Recording Review
Rare French Works For Violins & Orchestra
Fauré: Violin Concerto in D minor Op. 14; Saint-Saëns: Morceau de concert Op. 62; Lalo: Fantasie Norvégienne, Guitarre Op. 28; Guiraud: Caprice; Canteloube: Poème
Philippe Graffin violin
Ulster Orchestra
Thierry Fischer conductor
Hyperion CDA 67294
Gramphone, May 2002
by Michael Oliver
Graffin's intelligent and characterful playing serves up a rare feast
'Rare' is doubly true: the quality of the playing here deserves that adjective. Until I heard Philippe Graffin play Fauré's 'Concerto' (the first movement of a work he never managed to finish) I agreed with Robert Orledge's view of it: 'Fauré grappling with unsuitable material'. But where, for example, other violinists have made its first solo gesture sound like an unsuccessful attempt at bravura flashiness, Graffin plays it with quiet thoughtfulness and at once one recognises Fauré's voice. He sounds, in short, like a player who knows Fauré's chamber music and recalls how movingly he quoted the early Concerto in his last work, the String Quartet. But how will he manage in the Lalo and Saint-Saëns pieces, written for the fiery Sarasate?

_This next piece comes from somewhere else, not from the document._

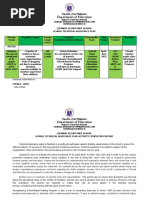 School Technical Assistance Plan and Completion Report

Very well indeed is the answer. Immediately in the Saint-Saëns Morceau de concert (originally intended as one movement of the third violin concerto) Graffin produces a more open, virtuoso manner, and finds an appropriate flamboyance in Lalo's Fantasie (which is like a briefer, Nordic equivalent of his Symphonie espagnole). In both, however, he shows affectionate delicacy as well, and his sympathetic seeking-out of each composer's voice is particularly effective in the two completely unknown works here (so far as I can tell neither has been recorded before). Poor Ernest Guiraud, condemned to be unheard because he was an academic who wrote the 'unsuitable' recitatives for Bizet's Carmen! His Caprice is so rich in melody, at times earnest, at others agreeably sentimental, that Graffin and Fischer between them make a strong case for investigating his long-neglected operas. Poor Joseph Canteloube, so famous for the Chants d'Auvergne that we suspect that he couldn't write tunes of his own! His Poème is lusciously scored and richly violinistic, but long-breathed melody building to impassioned rhapsody is its strongest suit (and Chausson's Poème its closest relative); again one wants to hear Canteloube's other non-folk-based pieces. It is Graffin's recognition that each of these composers needs a different manner and palette that makes this collection so absorbing. Fischer and the Ulster Orchestra are admirable partners and the Ulster Hall's acoustic has been well caught. Such a combination of enterprise, imagination and responsive musicianship is rare indeed.